L'attività culturale nei campi di concentramento trovò senza dubbio una delle sue fonti e delle sue forze nell'idealismo crociano e nella sua scuola, ma segnò pure un altro passo avanti nell'approfondimento del processo critico che nei confronti dello storicismo crociano, della «religione della libertà», della opposizione idealistica al fascismo era venuto svolgendosi in Italia negli anni precedenti la guerra.

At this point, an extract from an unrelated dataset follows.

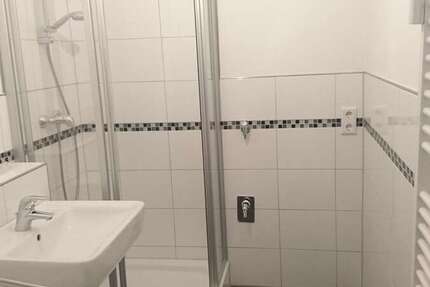 Wohnung Krefeld Krefeld-Mitte - 2 Zimmer, 59 m&sup2;, 598&euro; | Angebot:27164400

I limiti di quella concezione - che pure era stata per molti di quegli ufficiali antifascisti all'origine della loro ribellione - si avvertivano sempre più di fronte a fenomeni come il nazismo, a fatti come la guerra, a esigenze come la resistenza europea, a problemi come quelli della costruzione di una società nuova in Italia per i quali essa non riusciva a offrire un sufficiente orientamento. Senza dubbio vi fu chi scoprì Croce nei lager e la sua concezione del mondo e della storia, ma vi fu pure chi si rese conto dell'insufficienza della sua teoria generale e sul terreno filosofico e su quello politico. Vi fu chi scoprì Marx e chi credette di aver trovato la ricetta per «superare» il marxismo. La salvezza apparve a molti nell'azionismo, ad altri nel cattolicesimo liberale. Ma un fatto importa mettere in luce: buona parte degli ufficiali si rese conto che la società italiana aveva bisogno di un rinnovamento radicale, che a fondamento del nuovo edificio non potevano che esserci i valori della libertà, della democrazia, del progresso sociale; che quelle classi popolari da cui erano usciti i soldati con i quali avevano vissuto la tragedia della guerra e della prigionia dovevano trovare un loro posto nella vita nazionale; che a loro, come rappresentanti del mondo della cultura, della tecnica, delle professioni liberali, della scuola, dell'apparato dello Stato, incombeva l'obbligo di un impegno, di uno sforzo, di una lotta per la rinascita del Paese; che il fascismo aveva umiliato nella servitù ai gruppi privilegiati del grande capitale gli strati della piccola e media borghesia e che nel futuro questi avrebbero dovuto rivendicare indipendenza e autonomia e rivedere le proprie alleanze politiche e sociali.